Цифровая грамматизация – основа автоматизации. Впрочем, грамматизация – всегда уже автоматизация, и Джеймс Тилли Мэтьюз задолго до появления компьютеров ощущал себя автоматом, управляемым агентами машины влияния. Другое дело, что сегодняшний десубъективированный автомат имеет не так много шансов отключиться от программирующей культуриндустрии в силу ее тотального характера. Aufschreibesystem 2000 соединяет все медиа в единую database, базу данных, и потоки данных в ходе дигитализации подвергаются аккумуляции, трансформации, синхронизации, модуляции и т. д. Компьютер оказывается головной машиной влияния. При этом не стоит забывать, что вспомогательные органы, в том числе и компьютер, не приращиваются без боли. И каждая новая техника трансформирует психику. Разве здесь не приводится всякий раз в действие машина влияния? Разве проходит это влияние безболезненно? Трансформация психики техникой каждый раз открывает рану отчуждения и вызывает к жизни призраков: «С появлением новых технологий боль образует некую особую форму пространства, так как технологии тоже вызывают боль <…> Все новые технологии приносят культурную хандру, будто прежние разбудили фантомную боль после того как исчезли»

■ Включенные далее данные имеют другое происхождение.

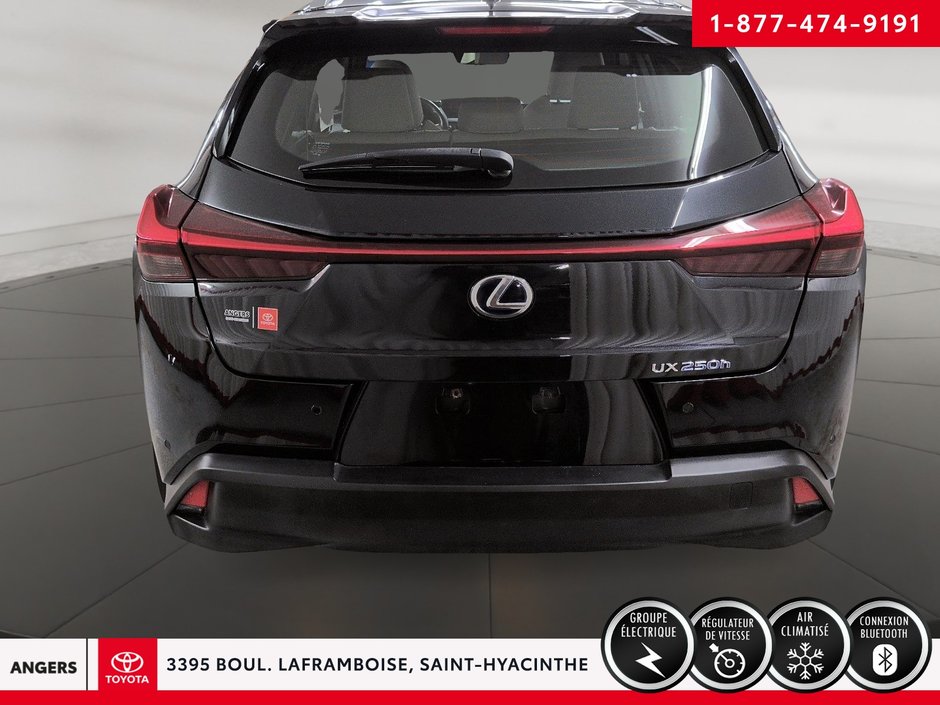 Lexus UX 250h 2021-4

[249]. Эти слова вполне могут относиться и к Джеймсу Тилли Мэтьюзу, и к Наталье А., и к сегодняшним реалиям. Культурная хандра – то ли меланхолия, невозможная скорбь по утрате, то ли ипохондрия, возвращение языка органов шизофренической машины влияния. Ответ, конечно же: и то, и другое, и меланхолия, и ипохондрия. Они ведь между собой тесно связаны. И новый виток гипериндустриализации, включающей реорганизацию субъекта в условиях цифровой системы записи, Aufschreibesystem 2000, не проходит без меланхолии и ипохондрии.
Новая фаза систем записи предполагает и новый виток пролетаризации, который заключается в том, что во времена гипериндустриализации знание оказывается на стороне машин. Машины творят чудеса, но вопрос в том, как они это делают. В большинстве своем мы понятия не имеем, как работают все эти смартфоны, компьютерные программы, Wi-Fi, интернет, но это как бы и не нужно, поскольку знают машины. Мы не знаем пути, но навигатор знает. Мы не знаем, как пишутся слова, но компьютер знает. Мы не знаем номера телефонов, но телефон их сам знает. Знает тот, кто хранит запись
[250]. Так мысль Феликса Гваттари о машинном бессознательном обретает совершенно иное звучание. Гваттари делает акцент на производственном характере бессознательного, и сегодня этот характер оказывается в том Другом, которого и следует назвать машиной влияния. Бессознательное на стороне машины, которая знает. Машина знает. Машина считает и просчитывает субъект или того, кто им когда-то был, прежде чем превратился в набор рассчитанных машинами данных, в data base – ячейку data economy.